Boyce Atkinson was charged with driving while intoxicated in Harford County. His attorney at trial agreed to with the State to a not guilty statement of facts, recounting that Mr. Atkinson was found slumped over in the driver’s seat with the keys in the ignition and engine off. Upon being awakened by the officer, Mr. Atkinson emitted a strong, also described as “very strong” odor of an alcoholic beverage. Per the statement of facts, Mr. Atkinson declined the officer’s request to perform a field sobriety test and was thereupon arrested. Mr. Atkinson refused field sobriety tests at the emergency room and was taken back to the station.
Mr. Atkinson was convicted by the trial court upon these facts and was sentenced to 15 days of live time in jail and was fined. His attorney filed an appeal to the Court of Special Appeals; the Court of Appeals intercepted the case on its own certiorari motion.
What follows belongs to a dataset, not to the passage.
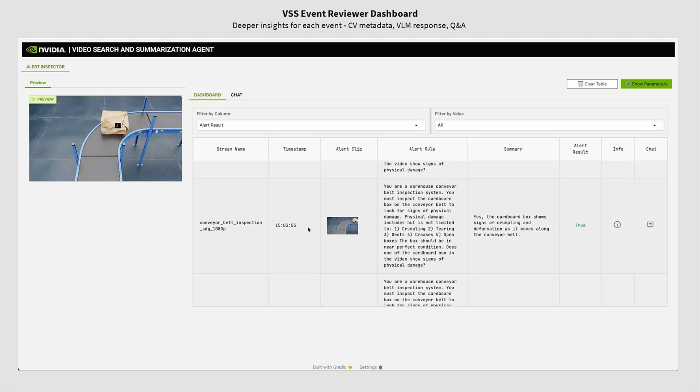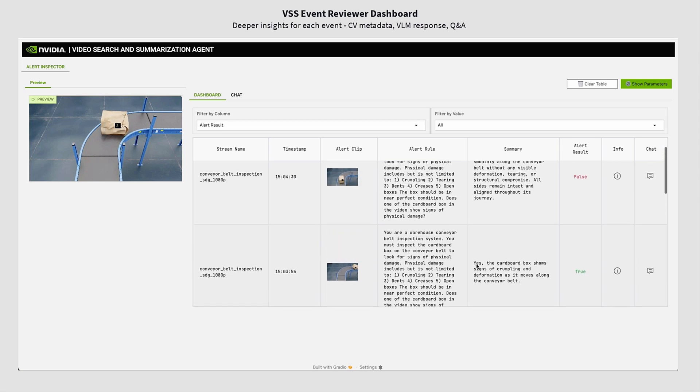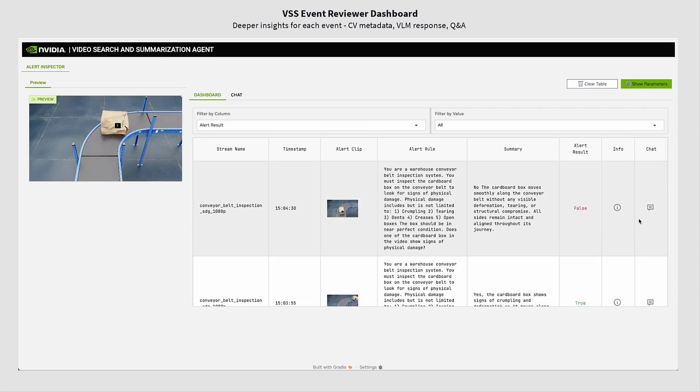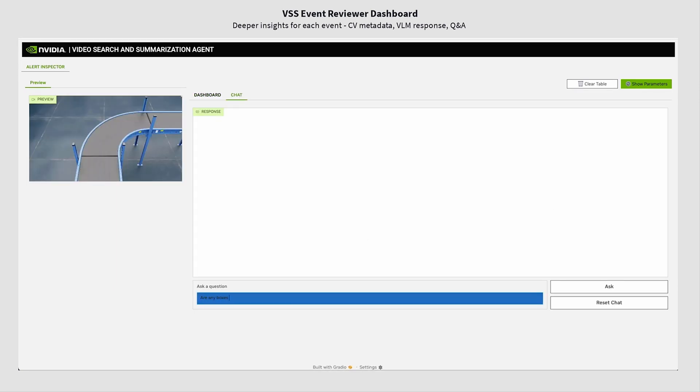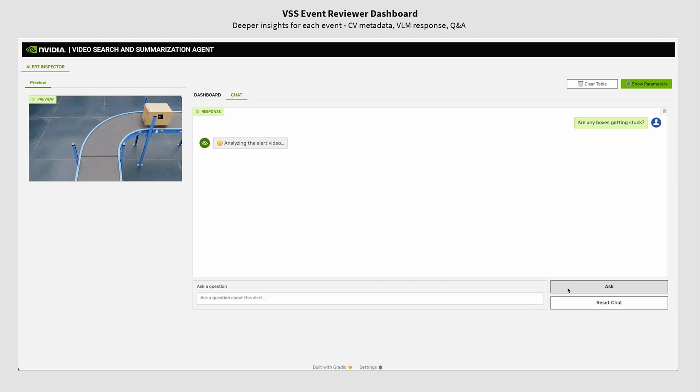We can go back to the dashboard and ask another question for another clip, like are any of the boxes getting stuck or getting damaged, and the agent responds back no.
The issue considered on appeal was whether the evidence presented proved, to the sufficient standard of proof, that Mr. Atkinson was in “actual physical control of the vehicle” under § 11-114 of the Md. Ann. Code, Transportation article, which definition § 21-902 of that article incorporated in its definition of “drive” for “driving while intoxicated.” Insufficient evidence, per the Court, appeared in the record to the effect that Mr. Atkinson committed actions fairly described by the circular term “drive” or the terms “operate” or “move” included within the statutory definition of “drive” under § 11-114; only the fourth definition of “drive,” being in “actual physical control of the vehicle,” might apply.
The Court discussed prior precedent that had not specifically addressed the issue of what behavior might constitute being in “actual physical control,” due to a charging defect in that prior case’s charging document, and another precedent where circumstantial evidence allowed a finding that the drunk motorist’s vehicle – with the engine off but hot, the lights on and the gear shift in drive – had in fact been operated very recently while the motorist was still drunk. Accordingly, the court found that that case was no guidance to the question of when a motorist was in “actual physical control” of a vehicle, since that four definition was not needed for the conviction of that motorist.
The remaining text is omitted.